Case174 過労自殺について会社の安全配慮義務違反を認め労働者の性格や態様等を理由とする過失相殺を否定した最高裁判例・電通事件・最判平12.3.24労判779.13【百選10版49】
(事案の概要)
本件労働者は、被告会社に新卒入社してから恒常的に長時間の残業を行い、帰宅しない日も多くなりました。
上司は、本件労働者に対して、帰宅してきちんと睡眠をとり、必要であれば翌朝早く出勤するよう指導しましたが、その後も業務量の調整は行われず、かえって業務量は増加していきました。
本件労働者は、スポーツが得意で明朗快活、責任感があり、やや完璧主義な性格でしたが、しだいに元気がなくなり、上司に自信がない、眠れないなどと述べるようになり、入社から約1年後に自殺しました。
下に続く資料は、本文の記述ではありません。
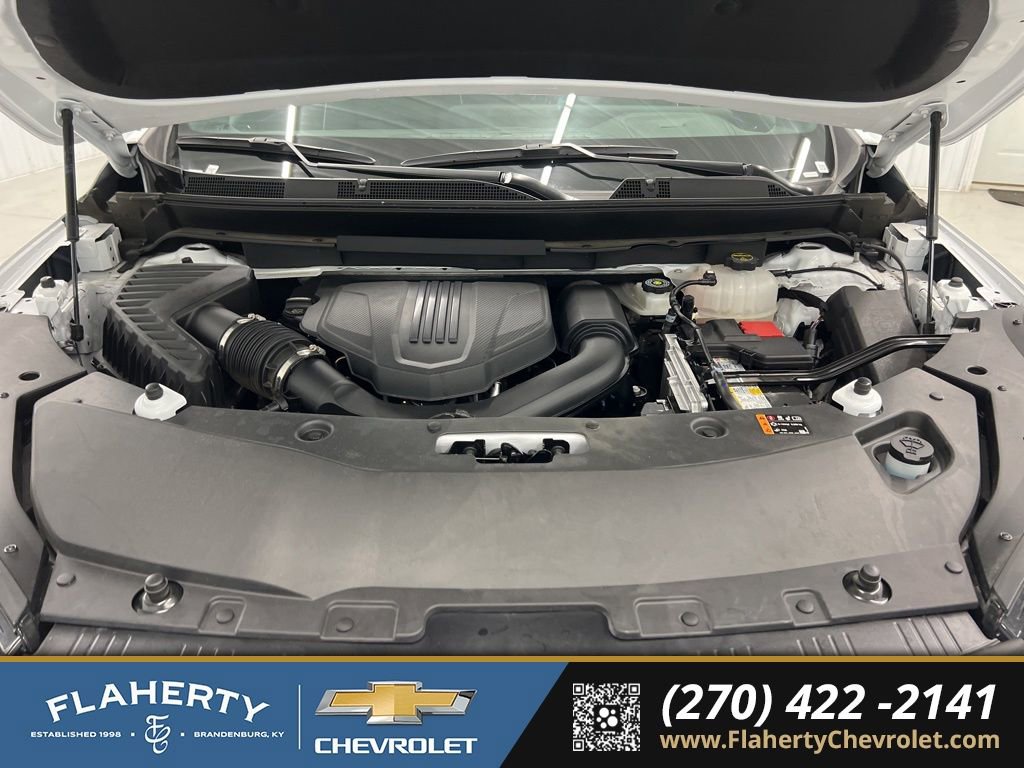 Used 2025 Buick Enclave Preferred AWD/4WD image 16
本件は、本件労働者の両親である原告らが、本件労働者が長時間労働によりうつ病にり患し自殺に追い込まれたとして、会社に対して損害賠償請求した事案です。
(判決の要旨)
一審判決
一審は会社の損害賠償責任を認めました。
控訴審判決
控訴審も会社の責任を認めましたが、①本件労働者のうつ病親和性ないし病前性格、②本件労働者が労働時間を過少申告していたことや時間の適切な使用方法を誤り深夜労働を続けたこと、③精神科の受診や休暇取得を怠ったこと、④原告らが本件労働者の勤務状況等をほぼ把握しながら改善のための具体的措置をとらなかったこと、を理由に民法722条2項類推適用により3割の過失相殺を行いました。
上告審判決
1 安全配慮義務の内容
最高裁は、使用者は、その雇用する労働者に従事させる業務を定めてこれを管理するに際し、業務の遂行に伴う疲労や心理的負荷等が過度に蓄積して労働者の心身の健康を損なうことがないよう注意する義務を負い、使用者に代わって労働者に対し業務上の指導監督を行う権限を有する者は、使用者の右注意義務の内容に従って、その権限を行使すべきであるとしたうえ、会社の上司は本件労働者が恒常的に長時間労働をし、健康状態が悪化していることを認識しながら、その負担を軽減する措置をとらなかったことにつき過失があるとして、会社の使用者責任を認めた控訴審の判断を正当としました。
2 過失相殺について
最高裁は、ある業務に従事する特定の労働者の性格が同種の業務に従事する労働者の個性の多様さとして通常想定される範囲を外れるものでない限り、その性格およびこれに基づく業務遂行の態度等が業務の過重負担に起因して当該労働者に生じた損害の発生又は拡大に寄与したとしても、その事態は使用者として予想すべきものであり、しかも、使用者らは各労働者がその従事すべき業務に適するか否かを判断して、その配置先、遂行すべき業務の内容等を決める際に各労働者の性格をも考慮することができるのであるから、労働者の性格が前記の範囲を外れるものでない場合には、裁判所は、業務の負担が過重であることを原因とする損害賠償請求において使用者の賠償すべき額を決定するに当たり、その性格及びこれに基づく業務遂行の態様等を、心因的要因として斟酌することはできないとし、本件労働者の性格や態様を理由とする過失相殺を否定しました。
また、本件労働者は独立した社会人であり、両親として同居していたとはいえ、原告らが本件労働者の勤務状況を改善できる立場にあったとは容易にいえないとして、原告らの不作為を理由とする過失相殺も否定しました。